Adherence to rule grouping dependent on order of ATTACH
Motivation
CMS is seeing that rules which use "CONTAINER" grouping are not always grouped at the same RSE. In fact, we have rules made at different times on the same data and the two classes behave differently.
This is from @nsmith- .
If I look at the wmcore_output rules instead (using the rse expression (tier=2|tier=1)&cms_type=real&rse_type=DISK) I see only one out of 9000 rules is split: 12cc4f5e0dfb4809922498b474be16c3. I suspect a straggling file was added somehow after MSOutput made the rule, not sure if that's possible?

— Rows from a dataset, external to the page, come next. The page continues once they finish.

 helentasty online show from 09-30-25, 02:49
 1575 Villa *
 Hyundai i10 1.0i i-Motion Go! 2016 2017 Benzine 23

Since the US MiniAOD subscription-based rules are created as soon as the first file appears in the dataset, and the wmcore_output rules are only made once the dataset is complete (modulo the one exception) this means the culprit is probably in the daemon that updates rules when the DID is modified.
The relevant lines are https://github.com/rucio/rucio/blob/88984a4dbc9d8be4e254f61545c7066e6c67de56/lib/rucio/core/rule.py#L2617-L2629 Looking at this it seems if a dataset is attached to a container and then a file is attached to a dataset, then the code will consider previous files, but if the file is attached to the dataset and then the dataset is attached to the container, this will not run and preferred_rse_ids will be left empty. Will try to construct an example to test.
Modification
This could be related to (or is the root cause of) the observed problems, reported recently by CMS users, of datasets not getting automatically transferred to RSEs, when being added to already existing/subscribed containers covered by active replication rules.

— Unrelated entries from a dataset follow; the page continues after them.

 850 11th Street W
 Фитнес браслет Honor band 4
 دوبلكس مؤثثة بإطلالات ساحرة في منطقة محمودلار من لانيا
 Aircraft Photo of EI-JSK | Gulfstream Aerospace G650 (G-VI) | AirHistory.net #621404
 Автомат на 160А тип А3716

The problem is reproducibly manifested in the following scenario:
- User creates a container with
rucio add-container - User attaches a (number of) datasets with
rucio attach - User creates a replication rule with
rucio add-rule --lifetime 2592000 --ask-approval ... RSE - Request is approved.
- Container gets replicated at the RSE
- User attaches additional datasets to the container with
rucio attach - New datasets do NOT get replicated at the RSE.

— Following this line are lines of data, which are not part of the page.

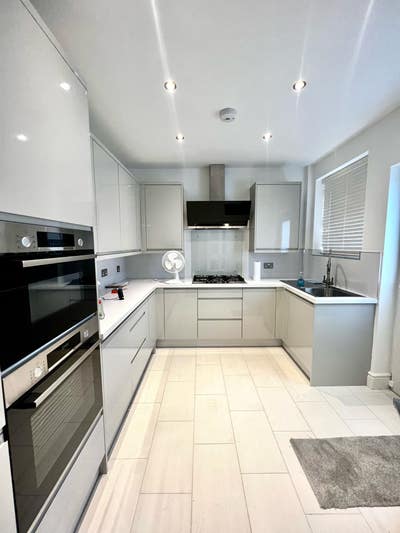 3 Bed Semi-Detached House to Rent RM8 Main Photo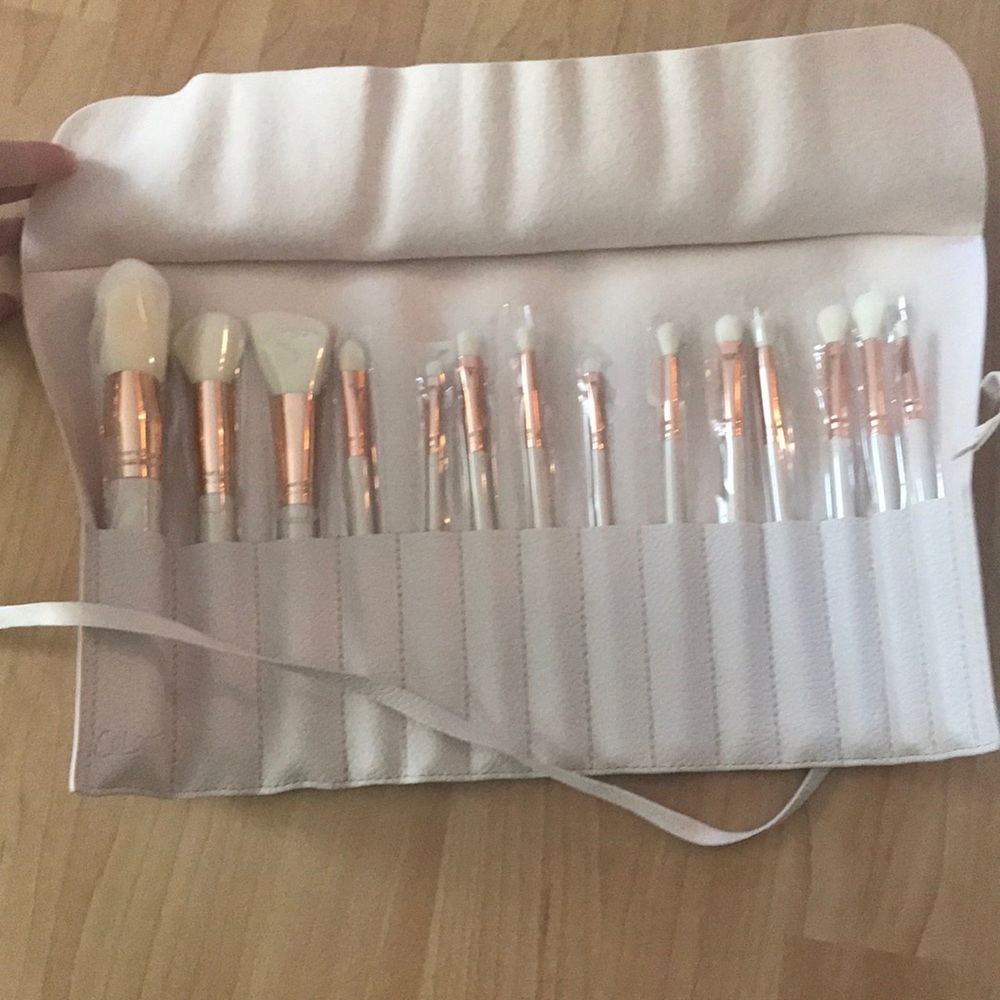 Brand new never used Colourpop brush set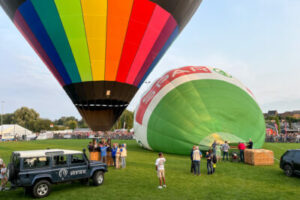 Envol de montgolfières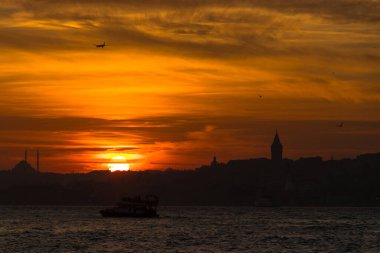 Günbatımında İstanbul 'un silueti. Uskudar 'dan Boğaz panoramik görünümü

Expectation in last step is that the newly attached datasets automatically get replicated at the RSE.
@piperov In point #2 I presume you mean Containers, not datasets, in the Rucio terminology.
@ericvaandering Correct. I use 'Datasets' in the CMS sense here. Proper Rucio term would be 'Container'.
@piperov can you create a test-case for this please? In the end to me this just looks like https://github.com/rucio/rucio/blob/2930272ff394b28ed9f4d81e1b9f898d8f418951/lib/rucio/tests/test_judge_evaluator.py#L128 By reproducible, do you mean this happens every time or only some time?
After the CMS users reported the problem I repeated the procedure described above twice, with the exact same result. That's what I mean by reproducible. Of course all those tests were done within 2-3 days, so it's possible that there was some other, temporary reason for the failures.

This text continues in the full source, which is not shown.